The greatest shift in tax sovereignty for a generation?

The new UK government has promised developing countries will receive tax information automatically, and multilaterally. This is a great challenge – in every way.

A new day…

This will be a different government. It is not a coalition government, so we have proper accountability. There’s no trading away of things that are in here. The ability to deliver this, that is one of the most important things we can do to restore trust and faith in politics, when you vote for something you get it, and that is what we are going to do.

With the UK’s new government settling in, and David Cameron stressing the freedom from complications of coalition, those Conservative party manifesto commitments are worth a look.

The international development headline in the document itself is the maintenance of the commitment to spend 0.7% of national income as aid. And this is certainly significant, when such large cuts are planned in ass yet unknown spending areas.

…And a radical commitment

But the most important commitment is perhaps something else entirely:

We will ensure developing countries have full access to global automatic tax information exchange systems

While transparency measures can sometimes deliver little real change – when they imply no actual redistribution of power – there is no question that this would mark a very real redistribution.

As the leaks from HSBC Switzerland showed, scarcely a country around the world has been able to exert their taxing rights over income held undeclared in secrecy jurisdictions. Estimates of the underlying hidden assets range from seven or eight, to twenty or thirty – trillion dollars, that is.

In keeping with David Cameron’s ‘golden thread’ of transparency and accountability, the previous government was instrumental in the development of the Open Government Partnership, which in turn has driven transparency commitments from member states.

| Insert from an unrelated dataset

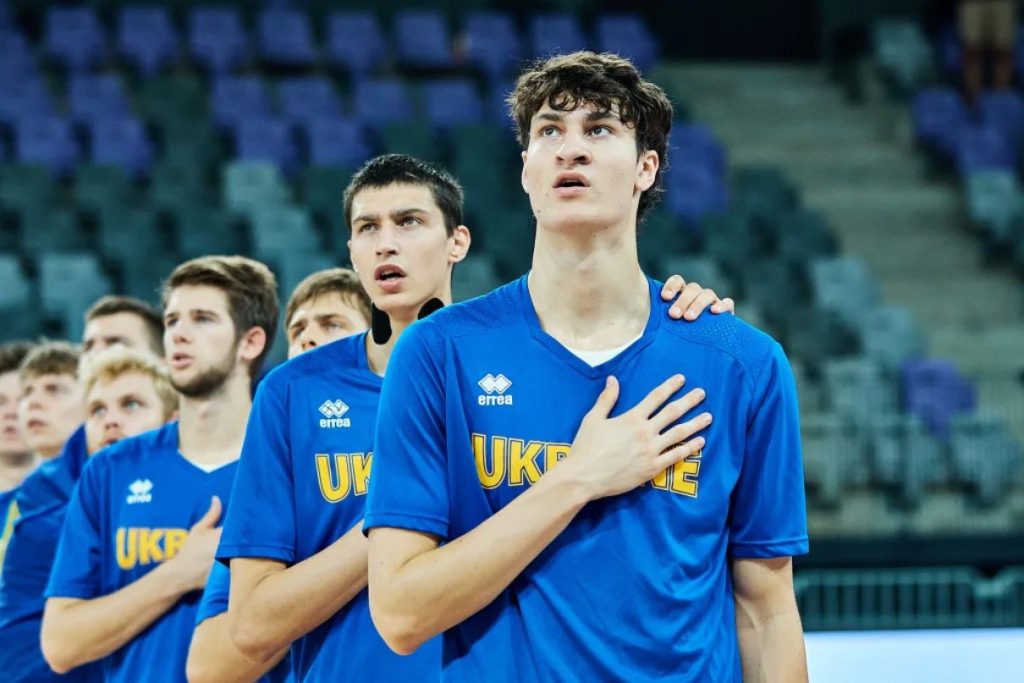 Максим Кличко стал вице-чемпионом молодежного первенства Франции по баскетболу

The 2013 G8 that Cameron hosted made a similar commitment, but notably weaker:

It is important that all jurisdictions, including developing countries, benefit from this new standard in [automatic] information exchange. We therefore call on the OECD to work to ensure that the relevant systems and processes are as accessible as possible to help enable all countries to implement this new standard.

And since then of course, things have deteriorated substantially.

While a multilateral pilot of the new OECD standard (itself not without criticism) is going ahead, major players are rowing back. The US has U-turned on its own commitments to provide – and not only demand – tax information. Switzerland has set a course for bilateral rather than multilateral information provision, strongly suggesting that only the strong will be able to benefit from the weakening of banking secrecy.

So the Conservatives’ – and now the UK’s – commitment to ensure full access for developing countries is powerful stuff.

What it means and why it will be tough

The commitment could not be clearer: ‘full access’ can only mean equal receipt of information to any other player in the multilateral mechanism – setting the UK against those who would cynically use poorer countries’ initial inability to provide information reciprocally, as a reason to deny them access.

And there is no qualifier on ‘developing countries’ – this is not some select handful of, say, G20 members. This is a universal commitment.

And so the commitment is a fantastic challenge, because if delivered it could be the greatest shift in tax sovereignty for a generation – from jurisdictions with the ability but not the right to tax, back to those with the right but not the ability.

And it’s also a fantastic challenge because it requires the UK to stand against the intransigence of other major economies and financial secrecy jurisdictions, putting a redistribution of taxing rights to lower-income countries above other concerns.

(And yes, it would seem appropriate if the UK were able to play a major, positive role here – given its historic responsibility for the growth of the secrecy jurisdiction model.)

Insert cynicism here

Ah, you say, but this is a government of the elite. Cameron’s own family fortune is based on the old secrecy jurisdiction model. Why would they possibly deliver on this?

Well, you could have said the same in 2013. And many did. But to be fair, whatever you think of the coalition’s domestic inequality agenda, that G8 and the related G20 summit were part of a serious shift. A shift in which the UK did take the lead.

Was it, as one Conservative peer claimed, a counter-strike to block out other tax measures like a haven blacklist? Who knows. The fact remains that what was delivered marks a step change, that has not yet but could very well be of global importance.

What else could go wrong here? Well, it may be that the government had not realised just how big a commitment they were making. After all, the G8 had more or less set the path, the pilot is going ahead – so this may have felt like a commitment just to keep things moving along.

But this is not a new government – the same special advisers, politicians and civil servants who oversaw the 2013 G8 are still in place. This time, for sure, they know what they’ve committed to.

So: park your cynicism. If the government is serious about delivering on this manifesto commitment, then all power to them. Or rather, to the developing countries that would reap the greatest benefit.